Collected data entries:
■ ■ ■ ■ ■ ■ ■
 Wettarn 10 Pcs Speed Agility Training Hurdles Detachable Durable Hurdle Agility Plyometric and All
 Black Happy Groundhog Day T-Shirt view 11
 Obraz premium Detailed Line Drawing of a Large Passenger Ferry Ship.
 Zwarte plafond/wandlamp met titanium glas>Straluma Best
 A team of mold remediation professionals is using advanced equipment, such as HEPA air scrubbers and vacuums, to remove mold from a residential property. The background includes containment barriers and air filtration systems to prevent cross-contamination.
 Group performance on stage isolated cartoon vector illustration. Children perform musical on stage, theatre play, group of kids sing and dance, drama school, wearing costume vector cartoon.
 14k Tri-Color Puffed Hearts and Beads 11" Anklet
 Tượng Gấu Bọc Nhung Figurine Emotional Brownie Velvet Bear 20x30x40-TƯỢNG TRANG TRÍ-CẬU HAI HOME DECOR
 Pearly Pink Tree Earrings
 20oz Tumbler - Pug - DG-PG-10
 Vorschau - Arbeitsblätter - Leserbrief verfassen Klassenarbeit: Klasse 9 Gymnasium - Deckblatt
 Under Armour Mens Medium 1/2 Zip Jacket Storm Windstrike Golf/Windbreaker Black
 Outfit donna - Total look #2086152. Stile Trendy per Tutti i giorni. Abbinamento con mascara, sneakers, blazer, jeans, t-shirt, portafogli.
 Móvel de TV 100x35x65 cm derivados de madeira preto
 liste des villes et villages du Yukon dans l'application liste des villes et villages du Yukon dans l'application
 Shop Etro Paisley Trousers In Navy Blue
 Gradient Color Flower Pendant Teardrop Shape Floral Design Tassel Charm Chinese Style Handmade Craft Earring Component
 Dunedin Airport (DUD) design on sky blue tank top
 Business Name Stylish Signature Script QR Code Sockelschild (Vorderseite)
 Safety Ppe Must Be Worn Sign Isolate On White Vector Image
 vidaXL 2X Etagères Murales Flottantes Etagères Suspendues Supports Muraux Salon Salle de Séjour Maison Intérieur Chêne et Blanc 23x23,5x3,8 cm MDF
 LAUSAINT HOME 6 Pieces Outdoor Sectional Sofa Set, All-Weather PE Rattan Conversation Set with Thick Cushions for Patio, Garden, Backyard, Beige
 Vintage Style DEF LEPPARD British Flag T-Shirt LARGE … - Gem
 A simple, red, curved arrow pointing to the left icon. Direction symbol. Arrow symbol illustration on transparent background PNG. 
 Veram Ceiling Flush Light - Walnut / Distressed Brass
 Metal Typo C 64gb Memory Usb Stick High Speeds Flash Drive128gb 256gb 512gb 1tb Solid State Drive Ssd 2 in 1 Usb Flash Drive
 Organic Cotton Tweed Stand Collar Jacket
■ ■ ■ ■ ■ ■ ■
▸ **PROBLEM STATEMENT**:
Could you write out the full data verbatim?

▸ **TASK RESULT**:
 Wettarn 10 Pcs Speed Agility Training Hurdles Detachable Durable Hurdle Agility Plyometric and All
 Black Happy Groundhog Day T-Shirt view 11
 Obraz premium Detailed Line Drawing of a Large Passenger Ferry Ship.
 Zwarte plafond/wandlamp met titanium glas>Straluma Best
 A team of mold remediation professionals is using advanced equipment, such as HEPA air scrubbers and vacuums, to remove mold from a residential property. The background includes containment barriers and air filtration systems to prevent cross-contamination.
 Group performance on stage isolated cartoon vector illustration. Children perform musical on stage, theatre play, group of kids sing and dance, drama school, wearing costume vector cartoon.
 14k Tri-Color Puffed Hearts and Beads 11" Anklet
 Tượng Gấu Bọc Nhung Figurine Emotional Brownie Velvet Bear 20x30x40-TƯỢNG TRANG TRÍ-CẬU HAI HOME DECOR
 Pearly Pink Tree Earrings
 20oz Tumbler - Pug - DG-PG-10
 Vorschau - Arbeitsblätter - Leserbrief verfassen Klassenarbeit: Klasse 9 Gymnasium - Deckblatt
 Under Armour Mens Medium 1/2 Zip Jacket Storm Windstrike Golf/Windbreaker Black
 Outfit donna - Total look #2086152. Stile Trendy per Tutti i giorni. Abbinamento con mascara, sneakers, blazer, jeans, t-shirt, portafogli.
 Móvel de TV 100x35x65 cm derivados de madeira preto
 liste des villes et villages du Yukon dans l'application liste des villes et villages du Yukon dans l'application
 Shop Etro Paisley Trousers In Navy Blue
 Gradient Color Flower Pendant Teardrop Shape Floral Design Tassel Charm Chinese Style Handmade Craft Earring Component
 Dunedin Airport (DUD) design on sky blue tank top
 Business Name Stylish Signature Script QR Code Sockelschild (Vorderseite)
 Safety Ppe Must Be Worn Sign Isolate On White Vector Image
 vidaXL 2X Etagères Murales Flottantes Etagères Suspendues Supports Muraux Salon Salle de Séjour Maison Intérieur Chêne et Blanc 23x23,5x3,8 cm MDF
 LAUSAINT HOME 6 Pieces Outdoor Sectional Sofa Set, All-Weather PE Rattan Conversation Set with Thick Cushions for Patio, Garden, Backyard, Beige
 Vintage Style DEF LEPPARD British Flag T-Shirt LARGE … - Gem
 A simple, red, curved arrow pointing to the left icon. Direction symbol. Arrow symbol illustration on transparent background PNG. 
 Veram Ceiling Flush Light - Walnut / Distressed Brass
 Metal Typo C 64gb Memory Usb Stick High Speeds Flash Drive128gb 256gb 512gb 1tb Solid State Drive Ssd 2 in 1 Usb Flash Drive
 Organic Cotton Tweed Stand Collar Jacket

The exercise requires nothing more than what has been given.